What is the use of () operator in this? I mean how it functions in this code?

Also why are we using & in operator()?

Also, how does this comparator work in priority queue definition? And why are we using constant in operator definition?

i mean to say how is exactly this comparison in operator working and cant we use any other symbol as = * @ or any other instead of ()

Answer 1

I think the compare function you write is wrong.

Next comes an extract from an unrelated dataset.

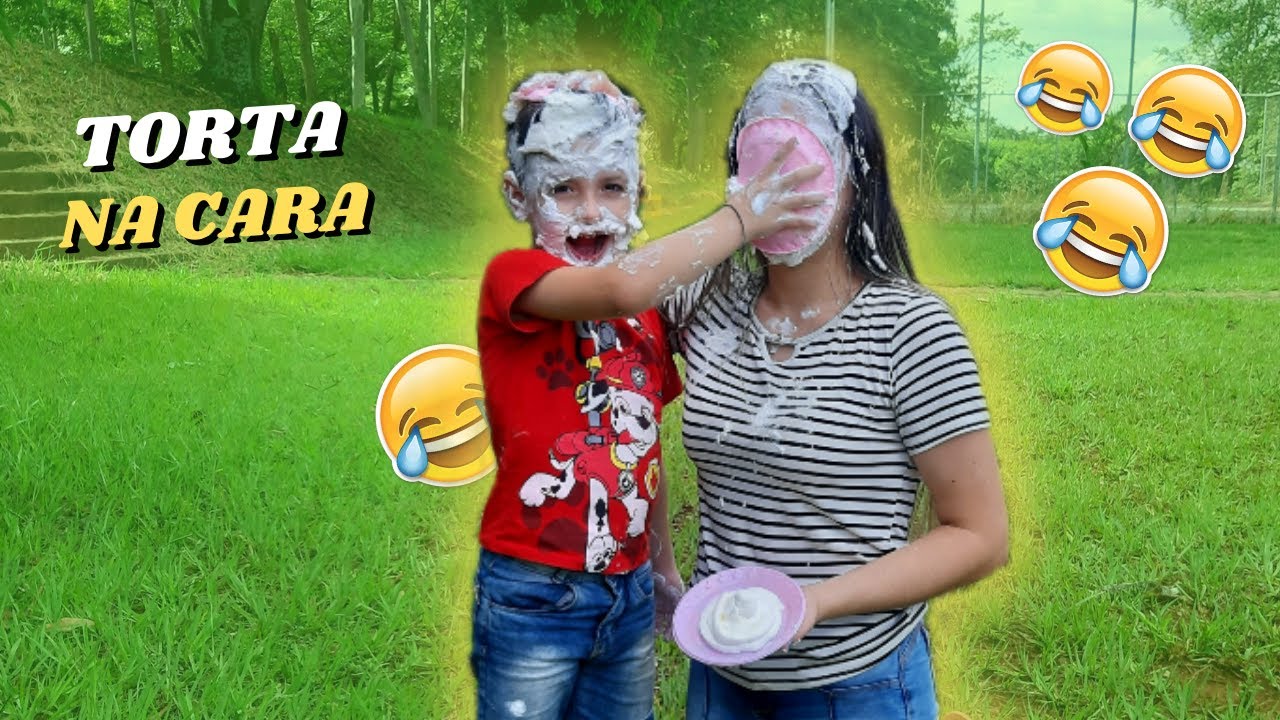 DESAFIO TORTA NA CARA COM MINHA IRMÃ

int operator() (const pair<int,int>&p1,const pair<int,int>&p2)
{
    return p1.second<p2.second;
}

which the correct one should be

int operator() (const pair<int,int>&p1,const pair<int,int>&p2)
{
    return p1.second>p2.second;
}

Because in priority_quequeyou can find that The expression comp(a,b), where comp is an object of this type and a and b are elements in the container, shall return true if a is considered to go before b in the strict weak ordering the function defines.

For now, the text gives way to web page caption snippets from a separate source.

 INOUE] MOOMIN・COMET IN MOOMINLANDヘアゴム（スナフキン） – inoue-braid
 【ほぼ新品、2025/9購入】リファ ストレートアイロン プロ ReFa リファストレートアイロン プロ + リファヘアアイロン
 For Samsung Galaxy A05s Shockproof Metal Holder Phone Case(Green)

Because in the Dijkstra algorithm, the node with smaller value should has higher priority, thus the operator we used here should be

p1.second>p2.second

(By using your code to solve a problem, it took me a long time to figure out this problem that my program's results were always different with the correct one.) (By the way, in the Dijkstra algorithm itself, I think once a node was pop as the smallest one, there is no need to pop it again and update all the nodes that connected to it. This could save a lot of time.)